Zwischen diesen zwei Zitaten von Bewohnern des fiktiven Örtchens Unterleuten spielt sich im neuen Buch von Juli Zeh alles ab. Unterleuten liegt irgendwo in Brandenburg, eine Autostunde aber auch eine ganze Welt von Berlin entfernt. Das Dorf ist eigentlich recht pittoresk und wirkt aus der Zeit gefallen (keine Gehsteige, kein gemeinsames Abwassersystem, Lohn und Brot durch die Agrarwirtschaft) – doch wehe man blickt hinter die Fassade.

Unterleuten von Juli Zeh

Unterleuten von Juli Zeh

Der doppeldeutige Titel Unterleuten gibt in diesem Buch eindeutig die Schlagrichtung vor. Juli Zeh lässt vor den Augen des Lesers ein Dorf mit einem Personaltableau entstehen, das so disparat wie funktional ist. Jedes Kapitel wird aus der Sicht eines anderen Dorfbewohners erzählt und so beobachtet man das wunderliche Geschehen, dass sich sukzessive durch immer wieder neue Augen betrachtet ergibt, mit einer Mischung aus Befremden und Faszination,

Das auslösende Momentum für alle Dynamiken, die sich auf über 640 Seiten im Dorf entfalten werden, ist der geplante Bau einer Windkraftanlage. Die Heidelandschaft rund um Unterleuten wurde als Bebauungsgebiet ausgewiesen – diese Pläne lassen nun das ganze Dorf förmlich explodieren. Während die einen um die aus der DDR hinübergerettete Agrargemeinschaft fürchten, sieht ein Vogelschützer die ornithologische Vielfalt in Unterleuten bedroht. Dabei könnte das Geld, das der Bau der Windräder staatlich subventioniert einbrächte, das ganze Dorf auf Vordermann bringen.

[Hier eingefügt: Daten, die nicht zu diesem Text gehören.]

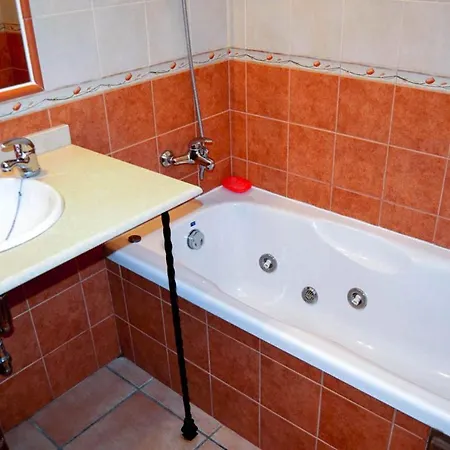 Appartement Casa Rocio à Castril Extérieur photo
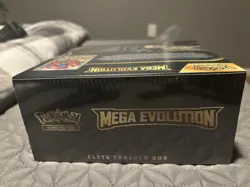 Pokemon TCG Mega Evolution Elite Trainer Box Mega Lucario - Image 5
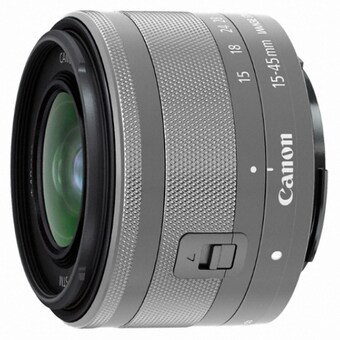 캐논 EF-M 15-45mm F3.5-6.3 IS STM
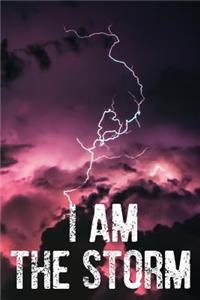 I Am The Storm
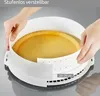 Wüllner+Kaiser 4050 Anello per torte, plastica, regolabile Anteprima dell’immagine prodotto 7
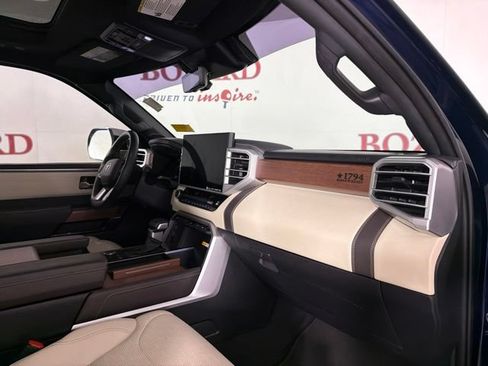Used 2022 Toyota Tundra 1794 Edition w/ Advanced Package AWD/4WD image 17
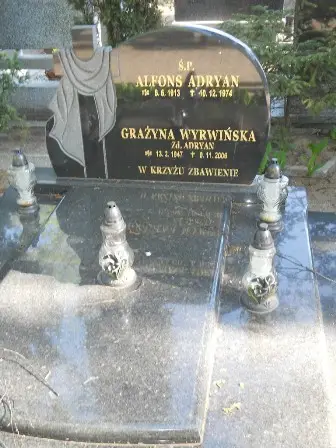 Zdjęcie grobu 35/8,7a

Mit großer Lust stößt Juli Zeh den ersten Dominostein in diesem Roman um, dem viele weitere Steine folgen werden. Sie lässt die unterschiedlichen Lebensmodelle aufeinander prallen, lässt Westler an Ostler geraten, lässt Resignierende auf Veränderer stoßen und beobachtet aus den wechselnden Perspektiven, wie sich die ganzen kleinen schlummernden Glutnester langsam zu einem Großfeuer entzünden. Sie arbeitet hierbei auch stark mit den Mitteln der Komödie, denn immer wieder reden die Unterleutner Bewohner aneinander vorbei, wittern Konflikte, wo eigentlich nur Missverständnisse herrschen und manövrieren sich in Situationen, die eigentlich niemand wollte.

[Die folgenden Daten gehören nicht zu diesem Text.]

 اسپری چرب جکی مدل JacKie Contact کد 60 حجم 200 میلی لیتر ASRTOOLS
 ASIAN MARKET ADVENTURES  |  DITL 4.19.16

Ihr Figuren legt Juli Zeh dabei auch mit einer ordentlichen Lust an der Karikatur an. Im Haus der Vogelschützers (der eigentlich ein gescheiterter Berliner Soziologieprofessor ist) gibt es Hirseauflauf, der Großgrundbesitzer ist feist und versteht es seine Pfründe zu bewahren. Dies ist zwar nicht allzu subtil, macht aber Freude zu lesen. Dieses Dorf könnte man sich auch in einer Serienverfilmung gut vorstellen – hinziehen möchte man aber auf keinen Fall!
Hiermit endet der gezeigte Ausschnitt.